A month later, the neighbors haven’t lost their outrage. One of them, Matsinger, while driving this reporter around the neighborhood, recounts the arduous effort to monitor the process. “The applicant changed the drainage report four times,” she says. “He was changing it up to the point of the city appeal, then changed it again, and the neighbors didn’t get it until six days before the Council hearing.”
She doubts the developer’s plan will prevent stormwater from racing through the neighborhood and wonders, “Is this really what the city intended? Planning [staff] is making the city’s stormwater problem worse.”
“Is this really what the city intended? Planning [staff] is making the stormwater problem worse.” click to tweet
Bill Kosar, who lives about a block east of the pond site, also expressed reservations. “You’re going to have water blasting out of that pipe,” he says. “The city really wants to get the [EPA] suit dismissed, but it seems they’re not serious. You can’t ask for a lawsuit to be dismissed if you’re not even following your guidelines.”

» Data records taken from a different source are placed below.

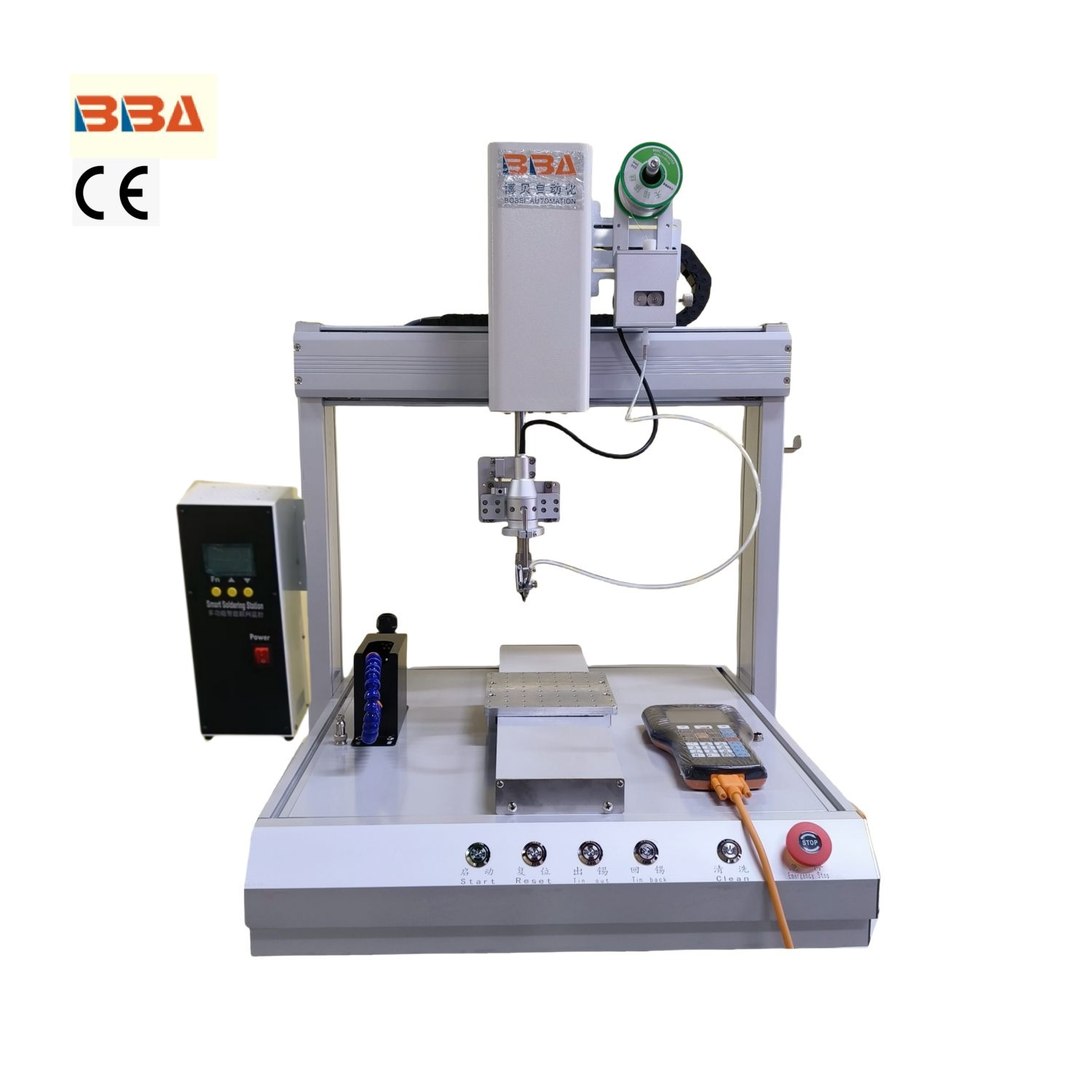 BBA Industrial Grade robotic soldering machine with Iron Tip and Auto Wire Feeding, used in Electronic Components
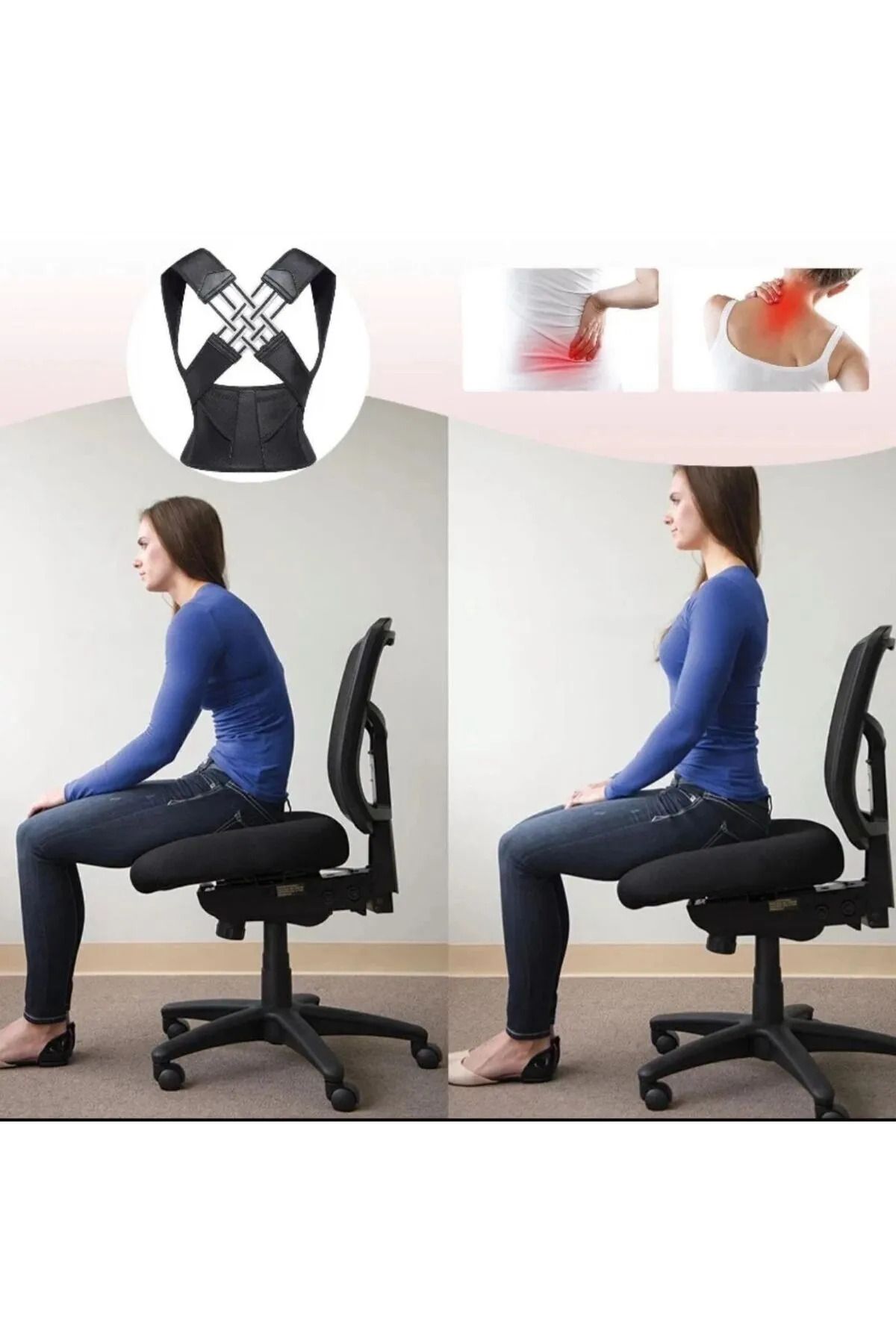 MultiFlexPro-Ιατρική όρθια στάση γυναικών-ανδρών Κορσές πλάτης και μέσης - Αθλητικός κορσές κατά της καμπούρας 7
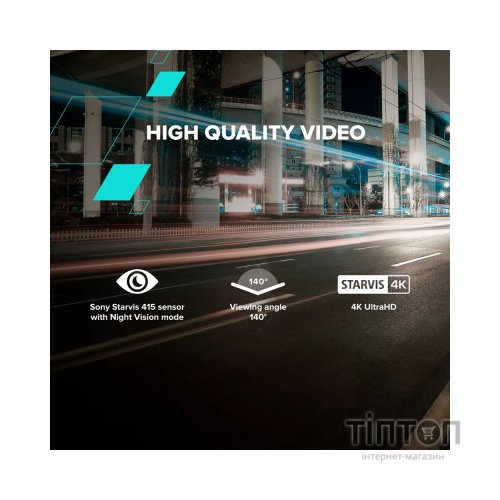 Відеореєстратор Canyon DVR40GPS UltraHD 4K 2160p GPS Wi-Fi Black (CND-DVR40GPS)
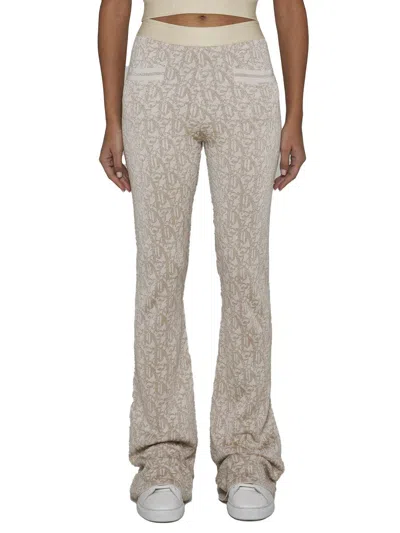 Shop Palm Angels Trousers In Off White Beige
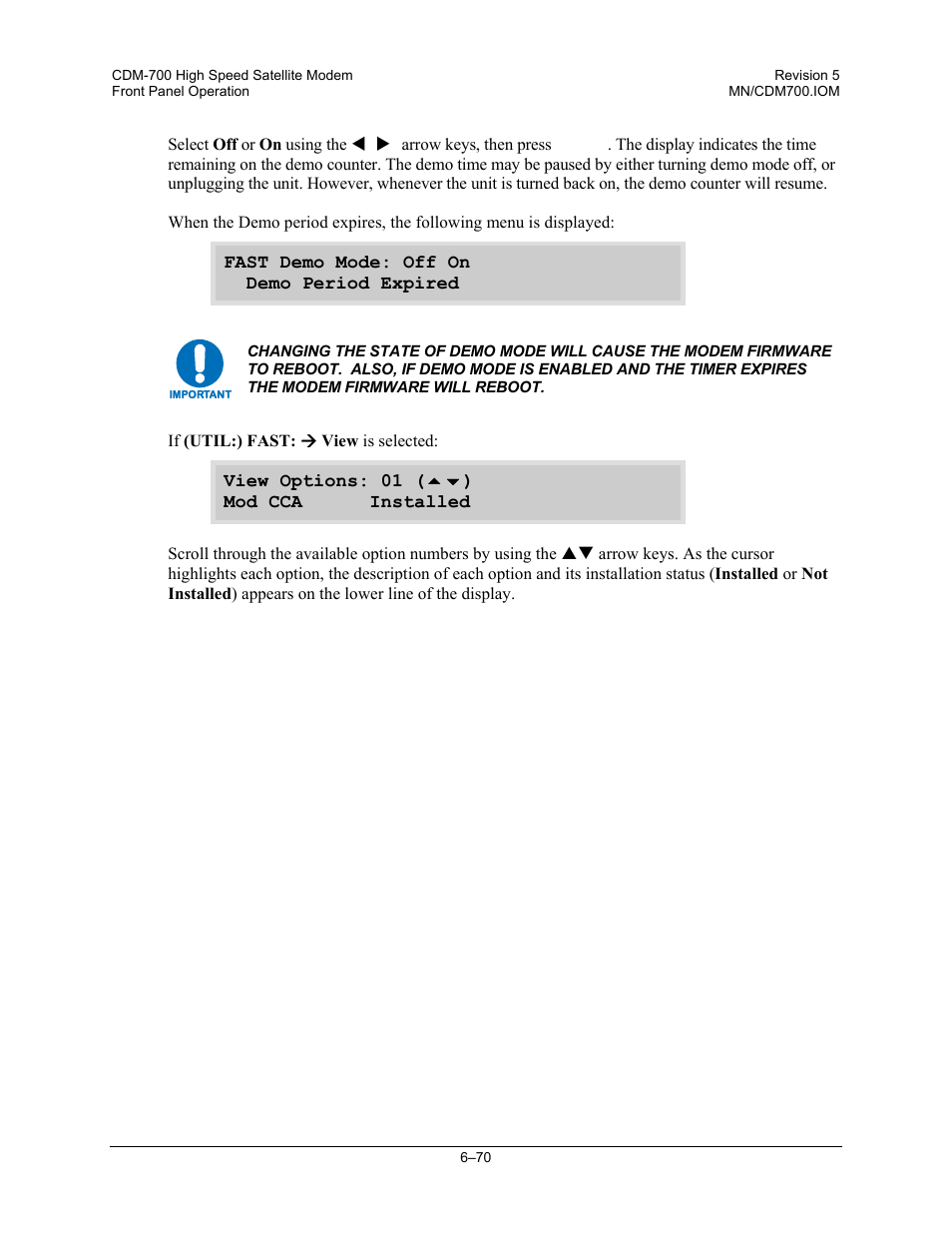 Comtech EF Data CDM-700 User Manual | Page 124 / 256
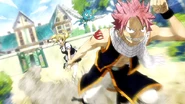 Natsu goes towards Everlue Mansion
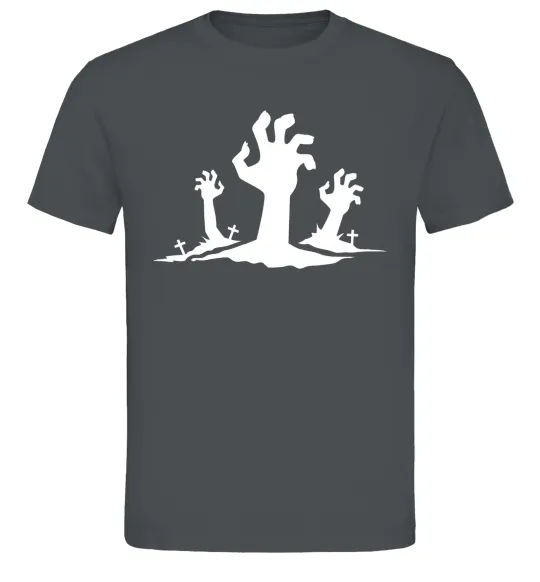 Чоловіча футболка Horrible hands Графіт фото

The deepest pocket for funding the opposition is reportedly that of Albert, whose 1.2-acre property sits immediately east and southeast of the proposed pond. He’s obviously the bane of Delesk. In written responses to the Indy’s questions, Delesk refers to the neighbors as “Albert et al,” and describes their strategy as “shopping a tale of woe ... in hopes something will stick” while being “willing to use any conceivable method to stop it.”
Albert, interviewed in his backyard recently, leafs through M/M’s engineering report and points to a big blue mass depicting stormwater draining onto his property from Archer Park. “We thought the city staff was there to be an independent analyzer of the plan and make sure the neighborhood was protected,” he says. “It was a complete dog and pony show and they didn’t hear a single thing we said. They don’t care. Everyone’s bending over backward to make it happen for [the developer].”
Albert isn’t giving up, though. He filed a lawsuit on July 25 against the city and the developer, seeking reversal of Council’s decision. He’s also notified the EPA and state about the case, and talked with U.S. Rep. Doug Lamborn’s staff. Lamborn has said he’s lobbying the EPA to drop the lawsuit against the city.
Lamborn’s spokesperson Jarred Rego told Albert via email that a meeting was held the week of July 17 with himself, a Lamborn aide, Mayor John Suthers’ Chief of Staff Jeff Greene, and city stormwater manager Richard Mulledy. Rego tells Albert he’s now “satisfied” the city will assure the developer’s plan won’t increase flows, will meet city drainage rules and will size the pond correctly. He also said the city will include M/M “in the information process,” and that Mulledy promised to host a neighborhood meeting “to share the most current and transparent information possible.”
So, as Gruen observes, the neighbors seem to have grabbed the city’s attention, which he hopes leads to a fully compliant drainage plan.
“If things play out, and it is determined that, in fact, ... there were some egregious errors, that sort of thing would have some influence on the EPA,” he says. “We’re going to have to see how this thing plays out.”